19 posted 2003-01-24 09:21 PM



Casey~
I completely understand your desire for more depth
in whatever replies/critiques your poems might receive,
and I realize the validity of some of the comments
that were made.  However, the validity of the comments
was not the issue.  The way in which the comments
were presented, and the lack of respect being shown
between members was what ultimately forced the removal of posts.
Though Allison did not offer any suggestions for improvement,
her reply was still well within guidelines, as her comments
were limited to the poem and not the poet.  To openly judge
and/or attack her assumed intentions was not appropriate,
thus the removal of the posts.
If you have any further questions about this, please
feel free to contact me at any time and I'll help
in any way that I can.
~Vicky

"...until you have read the verse on his heart,
you have not truly met the poet.
~vlraynes

clve527
Member
since 2002-07-08
Posts 200

20 posted 2003-01-24 09:56 PM


I know that it was well within the guildlines.

casey

devinechild22
Senior Member
since 2002-08-28
Posts 571

21 posted 2003-01-24 11:41 PM


It was in the guidelines which is why I dont understand why everyone is carrying on about it.
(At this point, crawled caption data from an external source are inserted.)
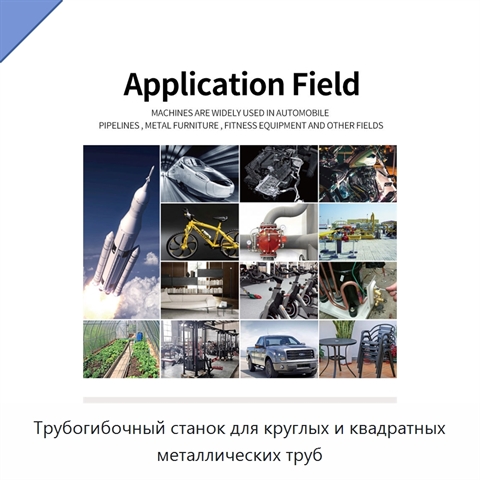 Трубогибочный станок для круглых и квадратных металлических труб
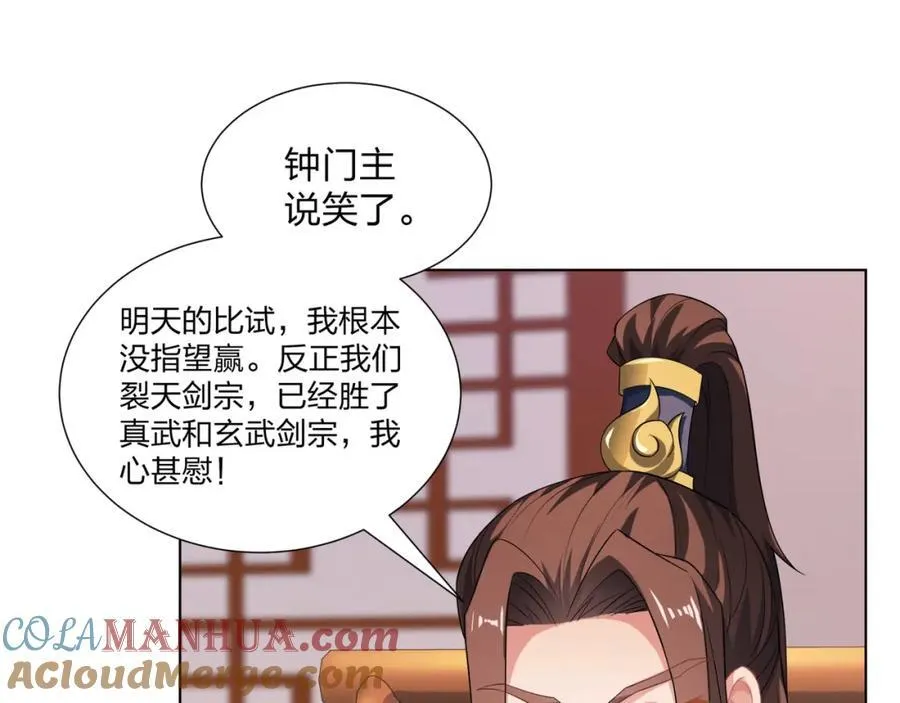 第30话 可敢签订生死契约？ 第49页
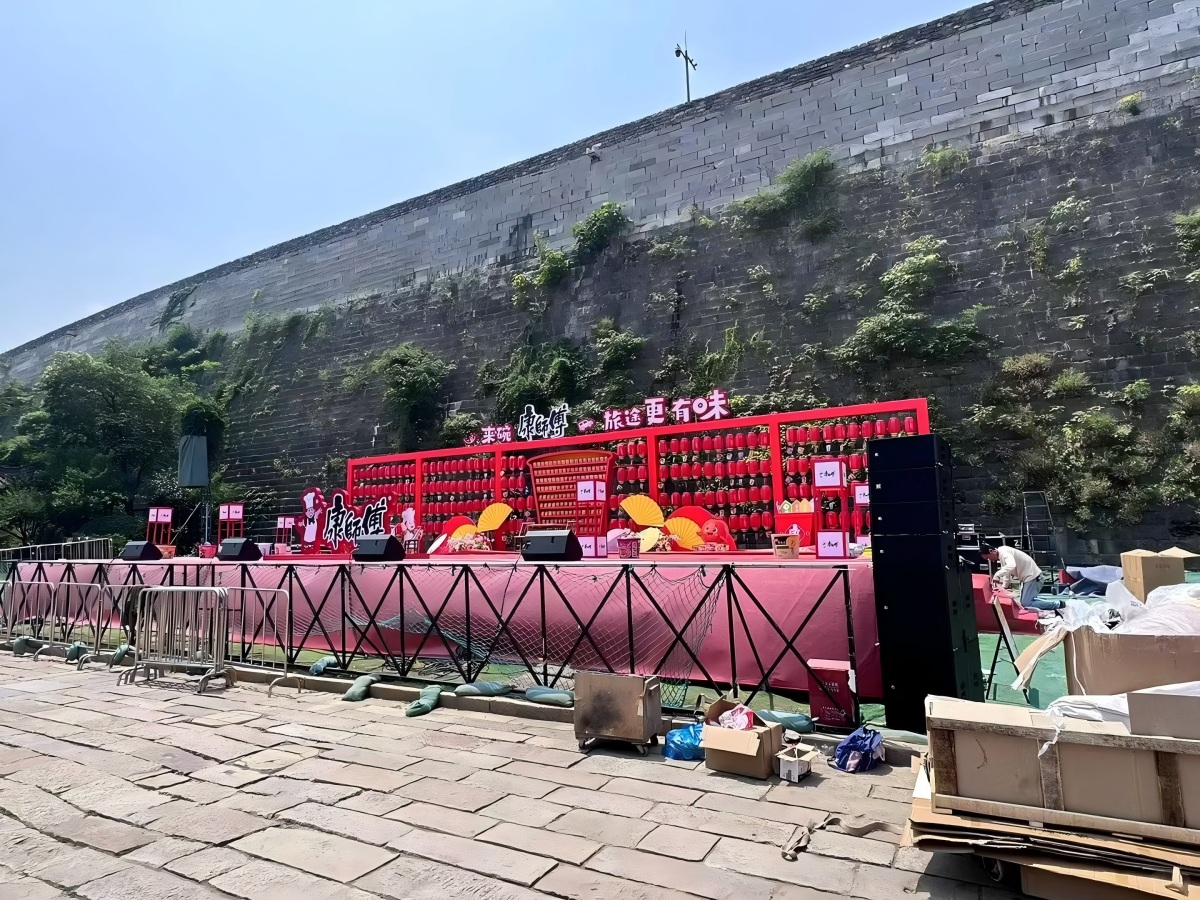 线下活动路演案例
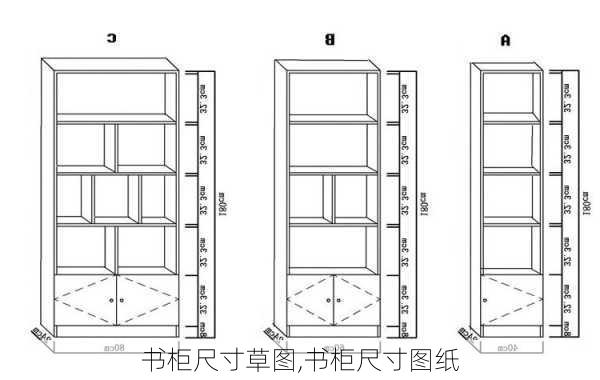 书柜尺寸草图,书柜尺寸图纸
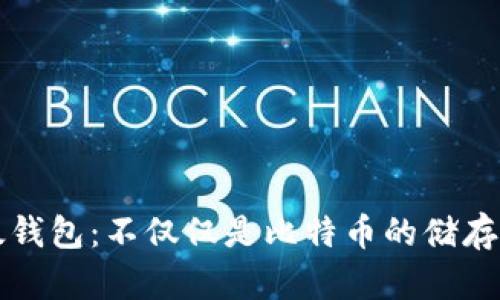 比太钱包：不仅仅是比特币的储存工具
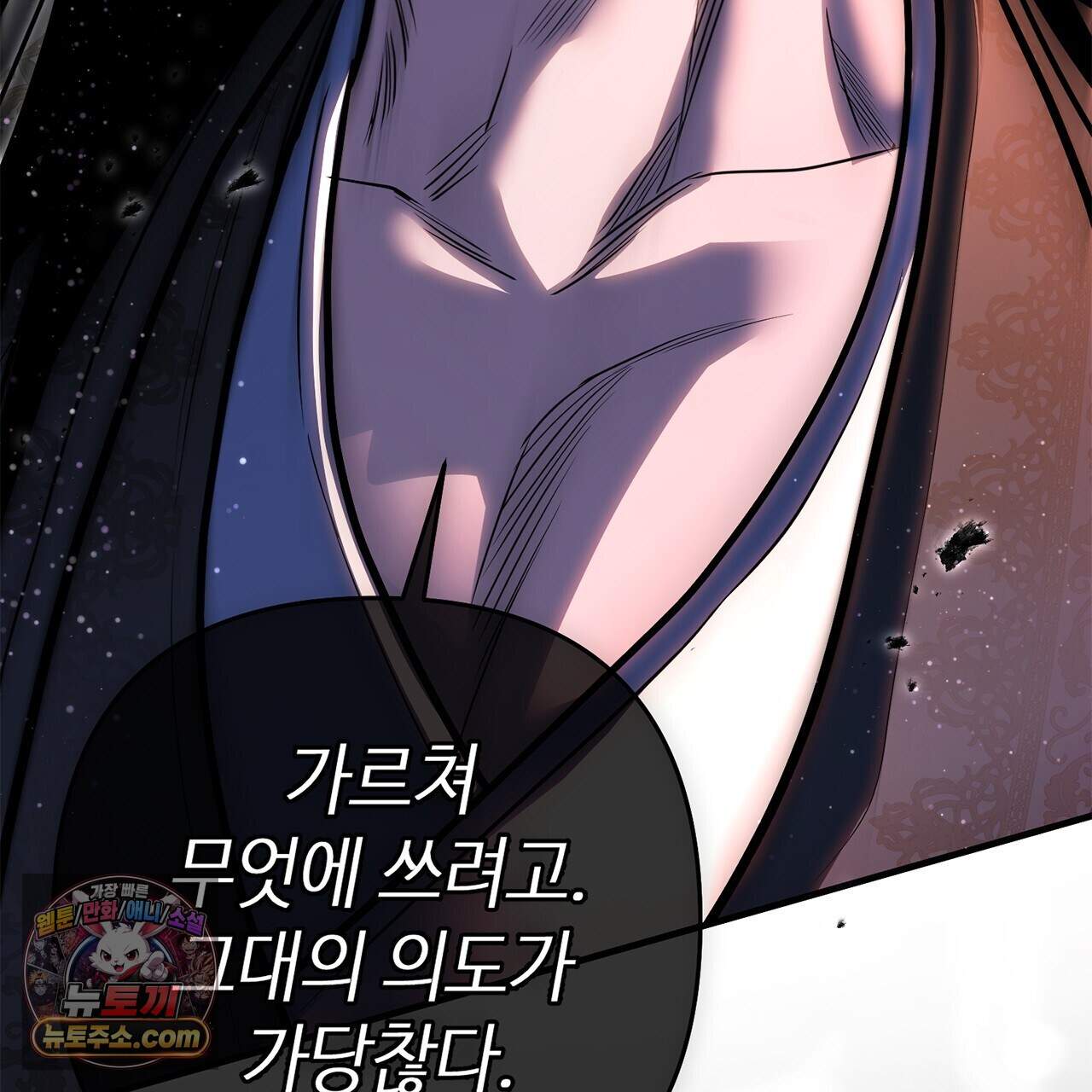 천산에는 연꽃이 핀다 4화 70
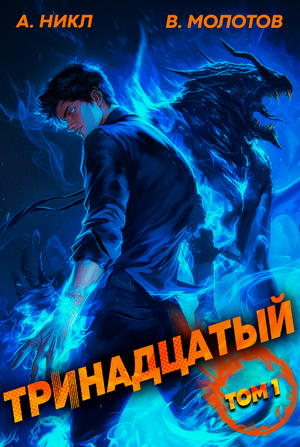 Тринадцатый / А. Никл, Виктор Молотов (1)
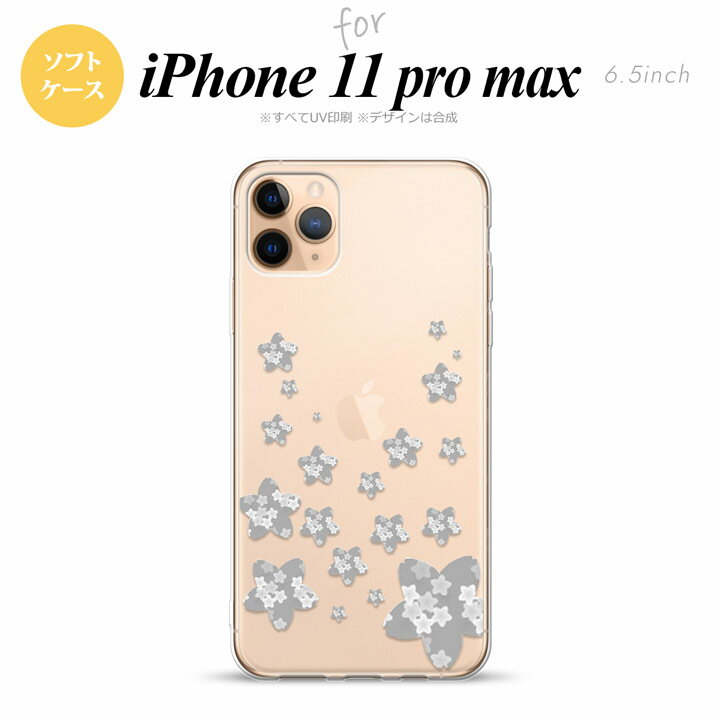 iPhone11ProMax iPhone11pro max スマホケース ソフトケース 花柄 サクラ D クリア グレー メンズ レディース nk-i11pm-tp187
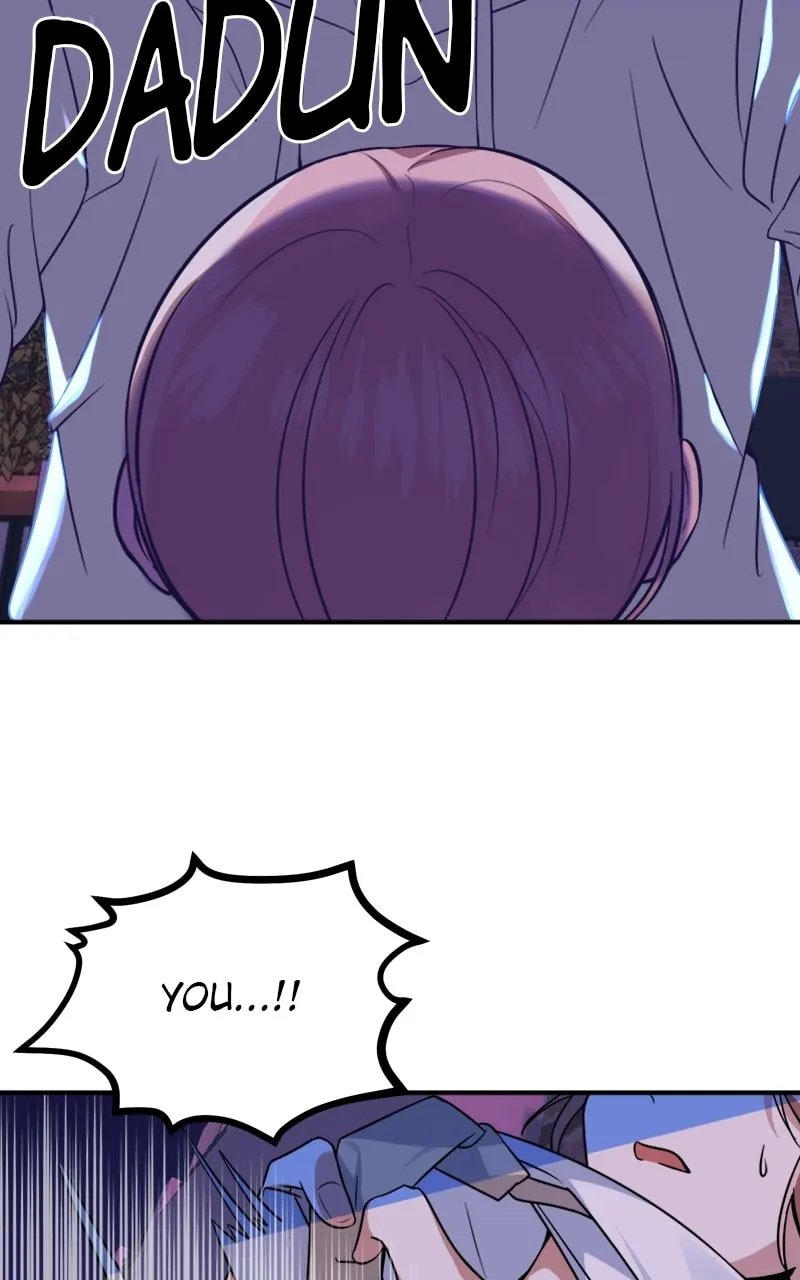 Read From the Shaking World chapter 30 image 42 on Lezhin
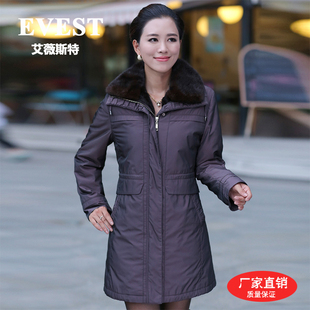 <em>首页</em>-<em>艾薇</em>斯特EVEST<em>女装</em>店-淘宝网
You can delete this after you have read it..its fine I just want you all to know. I meant nothing by what I said and I didnt think myself saying that would be such a big deal. So can we all please drop it and Casey I am sorry for offending you or anyone else. I`m just gonna keep what I think to myself from now on as not to upset every single person cause that was the very last thing on my mind. I just figured if I said something ,aybe by seeing what others said it could lean me in one direction or the other. I`m seriously just gonna keep my mouth shut and not write or reply to anything else cause I really dont wanna be upsetting people cause it upsets me the most cuase I feel that I have been the direct attack of a few things and I have been the "fault" of other things.
                *Allison*

"O My love
Please don`t cry
I`ll wash my bloody hands
And well start a new life"
-Good Charlotte

christian
Member
since 2002-12-18
Posts 331

22 posted 2003-01-27 12:37 PM



i didn't like it -- only because you
didn't coat it enough. sure, it motivates
you in that stale-word martinlutherking
cliche kind of way. and half of what
poetry is making people feel something,
but it didn't hit me enough. you didn't
decorate it enough.

you should add more. i'm pretty sure you
can write, there were some awesome lines in
there. but as far as an overall product,
it's too bland and too grey. too logical.
because you needed more.

there's my two cents, go buy yourself
a stick of gum.

-chris.

Kielo
Senior Member
since 2002-02-11
Posts 1109

23 posted 2003-01-27 12:40 PM


I liked it. I enjoyed the images, and it was structurally very well done. The idea behind it is also good.

Kielo

I know only one thing, and that thing is that I know nothing.

WindSong
Member
since 2002-12-23
Posts 313
Long Island, New York
24 posted 2003-01-27 08:55 AM


I liked this poem. I kind of felt what you were describing, GOt the essence of what it was about. Great write! ~*Kirah*~

I lie all the time - infact Im lieing right now!
Today was tomorrow yesterday.


clve527
Member
since 2002-07-08
Posts 200

25 posted 2003-01-27 10:44 AM


I can give the reason why I won't add more.  I do not want to get into the cliches that always inhabit these types of poems.  As it stands, this is brimming on cliche.  Thank you for your opinion.